* PROBLEM REQUIREMENTS *
An exact transcription of every record below is required, with the pictures left out.

[Start of Attachment]

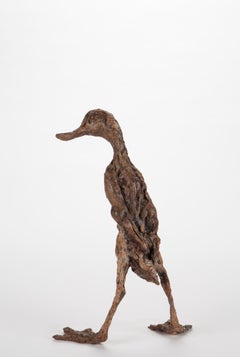 Zeitgenössische Bronzeskulptur „Pointy Duck“ mit Porträt einer Ente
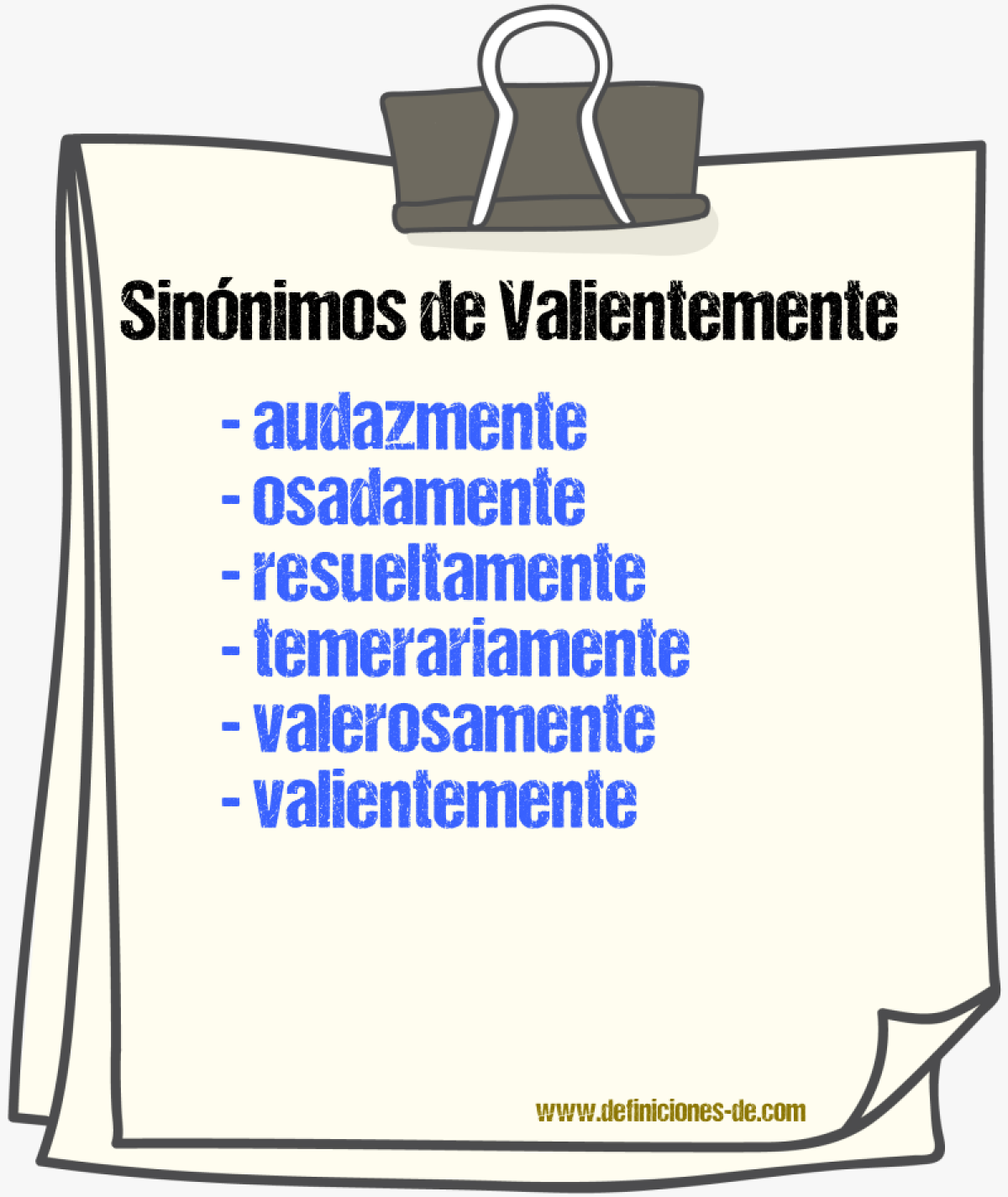 Sinnimos de valientemente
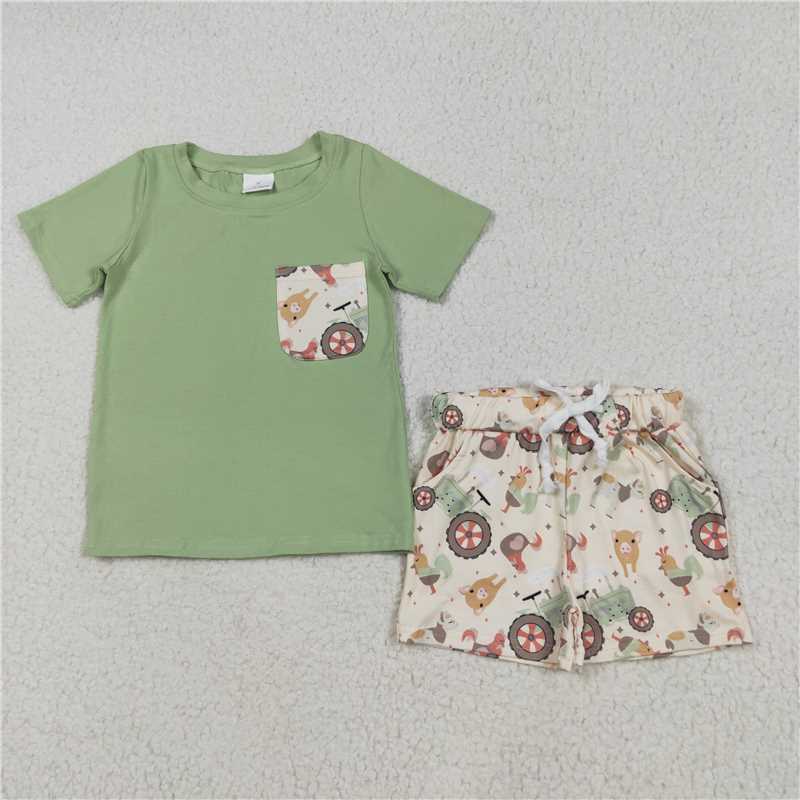 RTS BSSO1460 Baby Boys Pocket Top Chicks Pigs Short Farm Sets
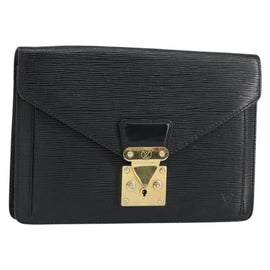 LOUIS VUITTON Epi Serie Dragonne Clutch Bag Black Noir M52612 LV Auth ka077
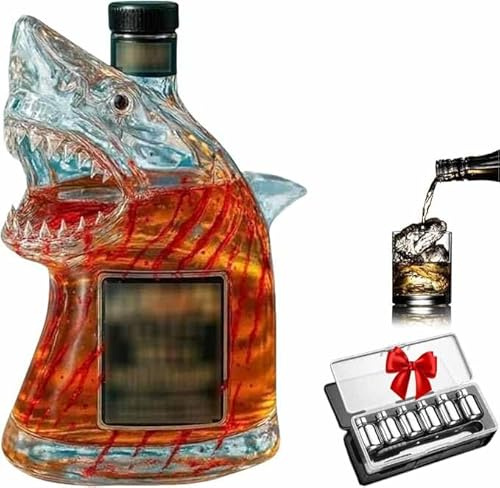 Sherum Bruce The Shark 50th Anniversary Limited Edition Bottiglia personalizzata unica trasparente a forma di animale inciso, bottiglia di whisky squalo per gli amanti del whisky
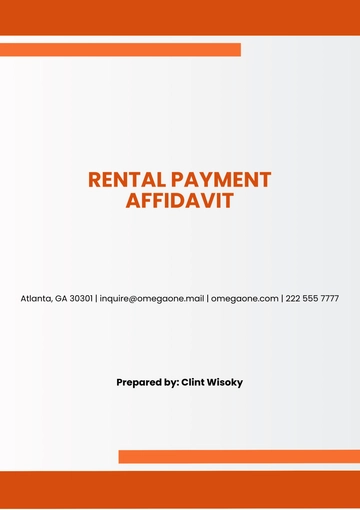 Free Rental Payment Affidavit Template to Edit Online
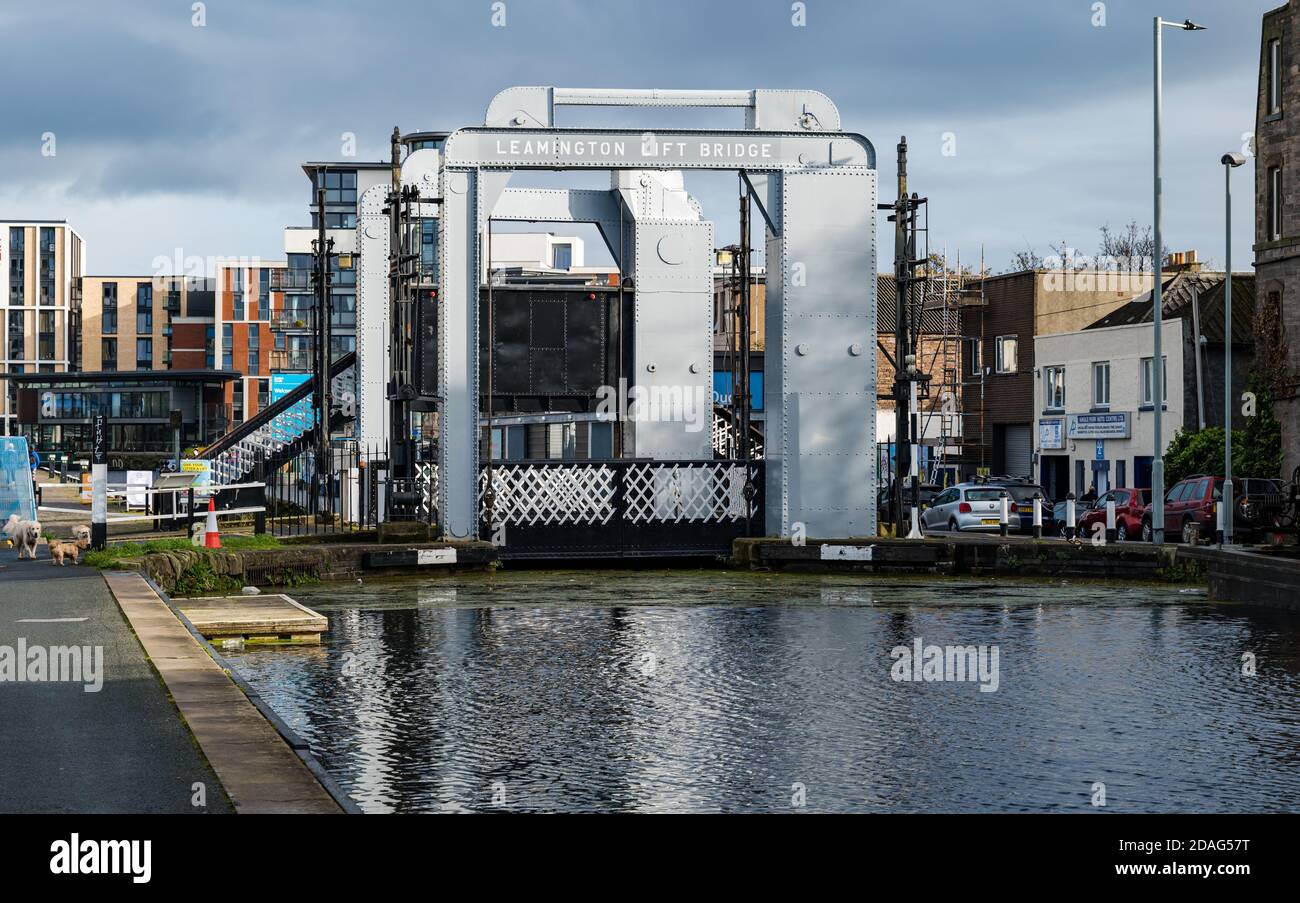 Restaurato Leamington Lift Bridge, Fountainbridge, Union Canal, Edimburgo, Scozia, Regno Unito Foto Stock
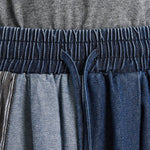 Retro Denim Patchwork Casual Distressed Drape Culottes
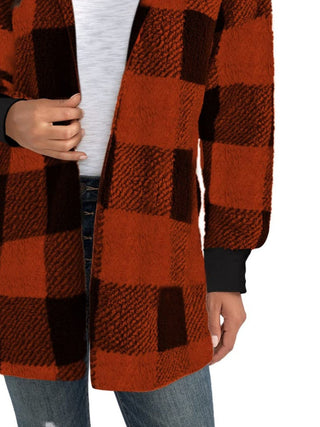 Plaid Long Sleeve Hooded Coat -Ships 10/30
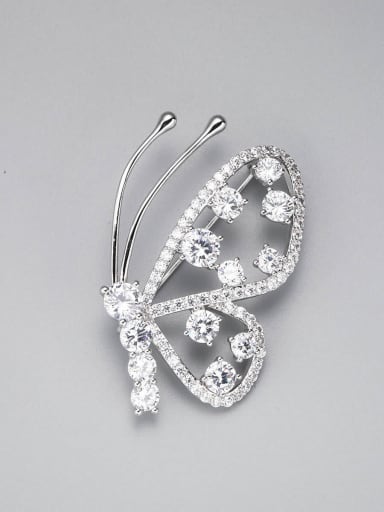 Brass Cubic Zirconia White Butterfly Minimalist Pins & Brooches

[End of Attachment]

* SOLUTION *
 Zeitgenössische Bronzeskulptur „Pointy Duck“ mit Porträt einer Ente
 Sinnimos de valientemente
 RTS BSSO1460 Baby Boys Pocket Top Chicks Pigs Short Farm Sets
 LOUIS VUITTON Epi Serie Dragonne Clutch Bag Black Noir M52612 LV Auth ka077
 Sherum Bruce The Shark 50th Anniversary Limited Edition Bottiglia personalizzata unica trasparente a forma di animale inciso, bottiglia di whisky squalo per gli amanti del whisky
 Free Rental Payment Affidavit Template to Edit Online
 Restaurato Leamington Lift Bridge, Fountainbridge, Union Canal, Edimburgo, Scozia, Regno Unito Foto Stock
 Retro Denim Patchwork Casual Distressed Drape Culottes
 Plaid Long Sleeve Hooded Coat -Ships 10/30
 Brass Cubic Zirconia White Butterfly Minimalist Pins & Brooches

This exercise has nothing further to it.